Pipelines fight FERC affiliate regulation
Houston, 10 January (Argus) — Oneok yesterday became the latest pipeline operator to intervene in Magellan Midstream's intensifying campaign to get the US to crack down on how marketing affiliates operate on their parent companies' systems.
Magellan last month sought a rehearing of the Federal Energy Regulatory Commission's (FERC) November ruling that a pipeline's marketing affiliate cannot resell capacity for less than the tariff rate under the Interstate Commerce Act (ICA). The order came in response to Magellan's application to form such an affiliate, which several of its peers have developed over the years without first going to FERC.
The rehearing request did not seek a reversal, but rather clarifications that could further clamp down on how other companies' affiliates do business. Magellan wants FERC to rule on whether affiliates with transportation services agreements (TSAs) can buy crude on one end and sell it on the other if the differential between the two prices is below the stated tariff rate. Previously FERC did not address the TSA matter specifically.
Magellan also asked FERC if carriers can structure open seasons that only make them viable for marketing affiliates, potentially threatening their common carrier status. And it seeks to prohibit pipelines from offering non-jurisdictional services to marketing affiliates at discounts to what other shippers would pay.
And lastly, Magellan asked that the order be applied to all liquids pipelines, not just crude infrastructure. That could impact companies like Oneok, a major natural gas liquids carrier.
"The commission order in this proceeding enunciated new and potentially broad rules regarding the lawfulness of actions by pipelines and their affiliated shippers, in the context of a narrowly drawn petition for declaratory order," Oneok said. "The Magellan rehearing seeks to further expand the rulings in the order to include issues well beyond the initial Magellan (filing) and its spare framework of supporting facts."

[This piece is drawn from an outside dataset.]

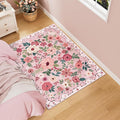 DUKINO 3x4 Area Rug, Floral Washable Rug by DUKINO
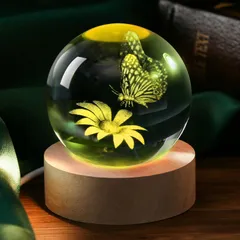新品 IFOLAINA クリスタル ボール 蝶 誕生日プレゼント 3D 蝶とお花 水晶玉 木製土台付き 寝室 LEDライト ベッドサイドランプ 間接照明 男性 女性 母親 妻 彼女 オシャレ プレゼント 癒しグッズ 雰囲気作り 飾り 友達 引っ越し 卒業祝い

Enterprise Products Partners this week accused Magellan of seeking to expand the previous "limited, fact-specific" ruling into a full regulatory overhaul.
"A declaratory order proceeding is not the appropriate forum for the commission to promulgate industry-wide regulations," Enterprise said. Magellan previously said applying for the marketing affiliate in the first place was the only way it could test the legality of such structures because it did not have standing to challenge rivals' operations.
Other companies, which have declined to comment on the matter, are expressing nervousness in FERC filings. Plains sought a clarification that the original Magellan order was based on hypothetical proposals and did not "automatically apply to any other transactions between a marketing affiliate and an affiliated pipeline", such as Plains'. Plains is a 50:50 partner with Magellan on the 400,000 b/d BridgeTex crude pipeline from west Texas to Houston.